According to reports, After agreeing to sell German unit Senvion for $1 billion, Suzlon Chairman Tulsi Tanti says he was compelled to sell the business, which the company bought in 2007 for $1.4 billion, for strategic reasons as he was faced with high debt at a time when growth prospects are bright. Edited excerpts from his interview with Shuchi Srivastava:
Earlier you resisted the idea of selling Senvion. What triggered the move now?
This deal was required purely for strategic reasons as we were faced with the classic conflict of high debt growth and exponential growth expectations in emerging markets like India, Brazil and China and even the US, which we could not adequately target due to an acute liquidity crunch. Now we are in a comfortable position as we can pay our lenders and have some cash to invest in targeting emerging markets.

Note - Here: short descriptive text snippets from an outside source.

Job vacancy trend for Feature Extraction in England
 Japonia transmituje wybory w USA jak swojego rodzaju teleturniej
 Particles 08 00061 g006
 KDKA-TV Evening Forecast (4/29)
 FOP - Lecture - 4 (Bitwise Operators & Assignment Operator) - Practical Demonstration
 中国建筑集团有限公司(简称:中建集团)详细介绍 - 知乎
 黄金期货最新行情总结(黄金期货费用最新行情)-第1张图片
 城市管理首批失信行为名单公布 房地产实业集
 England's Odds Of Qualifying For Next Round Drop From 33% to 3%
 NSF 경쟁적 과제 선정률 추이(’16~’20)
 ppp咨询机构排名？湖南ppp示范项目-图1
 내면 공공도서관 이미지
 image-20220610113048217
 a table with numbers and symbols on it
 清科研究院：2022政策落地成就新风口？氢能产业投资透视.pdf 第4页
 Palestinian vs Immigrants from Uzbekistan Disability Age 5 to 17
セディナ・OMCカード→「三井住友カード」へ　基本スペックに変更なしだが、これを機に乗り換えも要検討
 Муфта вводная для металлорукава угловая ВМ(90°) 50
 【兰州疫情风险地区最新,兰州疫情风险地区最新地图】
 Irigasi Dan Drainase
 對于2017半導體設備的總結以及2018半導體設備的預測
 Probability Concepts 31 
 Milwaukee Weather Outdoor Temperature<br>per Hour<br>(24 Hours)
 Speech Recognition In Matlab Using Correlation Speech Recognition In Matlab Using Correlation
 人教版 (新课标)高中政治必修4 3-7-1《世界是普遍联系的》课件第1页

Did you undervalue an asset that you described as a marquee asset?
It might look like a 25% haircut but actually, due to the positive currency movements and the price of the offshore wind farm technology that has been transferred to us, the overall haircut is only in the range of 5%, especially if you factor in the additional $50 million we can get if we meet the mutually discussed milestones.
What about your lenders, how much debt will you be retiring?
Of the Rs 7,200 crore that should be hitting our accounts by March-end this year, around Rs 6,000 crore will be immediately transferred to our lenders. Also, this cash infusion will now make us eligible for long-term funding from banks which can adequately support our business plans.
You are very excited about the Indian and emerging markets. Please elaborate.
The overall market dynamics have changed in India, Brazil and China dramatically now, especially as wind power tariffs have become very competitive.